Ayer fue un día muy duro para mí por varias razones, y el remate, la guinda del pastel que bordó una jornada tan negra fue una metedura de pata por mi parte. Una metedura de pata estrepitosa. De esas tan gordas que quisieras desaparecer del mapa. Aunque lo peor de todo es que hacía menos de dos semanas que había tropezado en la misma piedra. Total: que me metí en la cama con un sabor amargo (a más no poder) en la boca; un sabor que ni la menta del dentífrico matinal ha conseguido eliminar.

¿Y por qué he comentado hace un momento lo de la magia del Universo? Pues porque esta misma mañana un amigo que vive en Estados Unidos (Hi, Richard!), y del que hacía por lo menos seis meses que no sabía nada, me envía un breve correo para saludarme con un texto que lo acompaña, que él ha descubierto recientemente en un libro, y que le ha encantado. 

A decir verdad, yo ya conocía ese texto. Pero lo que me ha parecido mágico (por no decir, milagroso) es que me haya llegado esta misma mañana, justo siete horas después de mi supermetedura de pata.

Es un hecho completamente real que tuvo lugar en EEUU hace algunas décadas (traducido literalmente del inglés):


Bob Hoover, famoso piloto de pruebas y actor frecuente en espectáculos de aviación, volvía una vez a su casa en Los Ángeles de uno de estos espectáculos que se había realizado en San Diego. Tal como se describió el accidente en la revista Operaciones de Vuelo, a cien metros de altura los dos motores se apagaron súbitamente. Gracias a su habilidad, Hoover logró aterrizar, pero el avión quedó seriamente dañado, pese a que ninguno de sus ocupantes resultó herido.
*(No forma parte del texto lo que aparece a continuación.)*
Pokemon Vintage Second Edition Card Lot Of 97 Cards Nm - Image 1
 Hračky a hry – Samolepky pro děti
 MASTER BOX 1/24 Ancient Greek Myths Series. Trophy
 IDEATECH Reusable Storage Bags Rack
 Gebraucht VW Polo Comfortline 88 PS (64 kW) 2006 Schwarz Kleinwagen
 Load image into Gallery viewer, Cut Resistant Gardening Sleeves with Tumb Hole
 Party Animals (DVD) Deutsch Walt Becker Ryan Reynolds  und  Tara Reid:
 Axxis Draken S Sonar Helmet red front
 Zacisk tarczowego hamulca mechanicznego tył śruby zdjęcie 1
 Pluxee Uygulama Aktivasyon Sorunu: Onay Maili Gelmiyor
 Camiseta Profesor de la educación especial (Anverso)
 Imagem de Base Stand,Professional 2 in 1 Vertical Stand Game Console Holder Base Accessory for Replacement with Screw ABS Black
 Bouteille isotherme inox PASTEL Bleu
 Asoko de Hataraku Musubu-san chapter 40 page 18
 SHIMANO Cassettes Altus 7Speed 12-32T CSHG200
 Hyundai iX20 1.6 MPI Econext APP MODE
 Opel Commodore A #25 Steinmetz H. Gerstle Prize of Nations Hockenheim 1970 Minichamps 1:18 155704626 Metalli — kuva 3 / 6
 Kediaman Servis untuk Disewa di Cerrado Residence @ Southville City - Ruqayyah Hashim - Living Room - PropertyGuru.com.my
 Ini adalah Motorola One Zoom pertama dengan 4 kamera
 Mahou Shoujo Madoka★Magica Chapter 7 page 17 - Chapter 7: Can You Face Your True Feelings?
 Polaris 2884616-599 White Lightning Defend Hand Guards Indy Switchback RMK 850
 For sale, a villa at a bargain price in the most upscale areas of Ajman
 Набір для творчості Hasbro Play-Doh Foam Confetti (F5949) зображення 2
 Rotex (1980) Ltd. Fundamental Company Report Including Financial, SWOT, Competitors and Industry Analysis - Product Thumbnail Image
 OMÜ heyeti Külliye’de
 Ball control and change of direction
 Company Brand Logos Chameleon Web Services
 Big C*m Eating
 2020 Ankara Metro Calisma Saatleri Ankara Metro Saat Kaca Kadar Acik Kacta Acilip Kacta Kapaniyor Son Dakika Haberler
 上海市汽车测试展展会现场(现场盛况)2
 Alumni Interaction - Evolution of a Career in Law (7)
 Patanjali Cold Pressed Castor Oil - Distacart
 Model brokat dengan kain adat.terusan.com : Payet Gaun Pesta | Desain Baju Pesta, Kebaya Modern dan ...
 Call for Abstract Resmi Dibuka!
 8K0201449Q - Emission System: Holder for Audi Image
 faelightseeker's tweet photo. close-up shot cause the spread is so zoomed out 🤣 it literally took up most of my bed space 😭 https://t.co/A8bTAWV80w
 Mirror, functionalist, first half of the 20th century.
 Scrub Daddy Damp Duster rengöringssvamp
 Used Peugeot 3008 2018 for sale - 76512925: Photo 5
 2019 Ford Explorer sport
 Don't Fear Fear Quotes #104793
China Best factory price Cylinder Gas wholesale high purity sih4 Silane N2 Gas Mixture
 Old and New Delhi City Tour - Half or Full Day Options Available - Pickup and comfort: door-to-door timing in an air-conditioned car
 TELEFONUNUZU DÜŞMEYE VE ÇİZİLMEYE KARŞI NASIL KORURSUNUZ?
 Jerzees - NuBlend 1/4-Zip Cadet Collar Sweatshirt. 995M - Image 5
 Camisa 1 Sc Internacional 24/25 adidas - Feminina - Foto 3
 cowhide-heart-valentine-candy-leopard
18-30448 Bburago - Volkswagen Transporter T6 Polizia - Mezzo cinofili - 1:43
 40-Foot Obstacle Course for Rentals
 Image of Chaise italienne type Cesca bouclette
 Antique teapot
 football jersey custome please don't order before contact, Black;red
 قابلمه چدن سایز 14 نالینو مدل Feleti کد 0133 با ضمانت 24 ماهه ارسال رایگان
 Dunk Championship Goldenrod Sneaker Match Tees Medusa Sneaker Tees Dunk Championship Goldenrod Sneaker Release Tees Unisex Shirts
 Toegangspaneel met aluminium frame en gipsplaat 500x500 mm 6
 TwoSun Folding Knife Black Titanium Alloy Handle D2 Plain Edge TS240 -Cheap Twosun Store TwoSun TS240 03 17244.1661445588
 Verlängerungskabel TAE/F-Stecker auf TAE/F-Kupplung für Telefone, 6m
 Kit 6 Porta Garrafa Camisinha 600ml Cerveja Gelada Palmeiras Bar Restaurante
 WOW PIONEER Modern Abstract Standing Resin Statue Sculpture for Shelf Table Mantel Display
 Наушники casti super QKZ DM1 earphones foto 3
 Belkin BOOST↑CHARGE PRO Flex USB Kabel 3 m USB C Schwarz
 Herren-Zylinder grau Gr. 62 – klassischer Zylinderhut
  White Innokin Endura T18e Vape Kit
Lo primero que hizo Hoover después del aterrizaje de emergencia fue inspeccionar el tanque de combustible. Tal como sospechaba, el viejo avión a hélice, reliquia de la Segunda Guerra Mundial, había sido cargado con combustible de avión a reacción, en lugar de la gasolina común que consumía.

Al volver al aeropuerto, pidió ver al mecánico que se había ocupado del avión. El joven estaba aterrorizado por su error. Le corrían las lágrimas por las mejillas al ver acercarse a Hoover. Su equivocación había provocado la pérdida de un avión muy costoso, y podría haber causado la pérdida de tres vidas.

Es fácil imaginar la ira de Hoover. Es posible suponer la tormenta verbal que podía provocar semejante descuido en este habilidoso y soberbio piloto. Pero Hoover no le reprochó nada; ni siquiera lo criticó. En lugar de eso, puso su brazo sobre los hombros del muchacho y le dijo amablemente:

- Para demostrarte que estoy seguro de que nunca volverás a hacerlo, quiero que mañana te ocupes de mi F-51.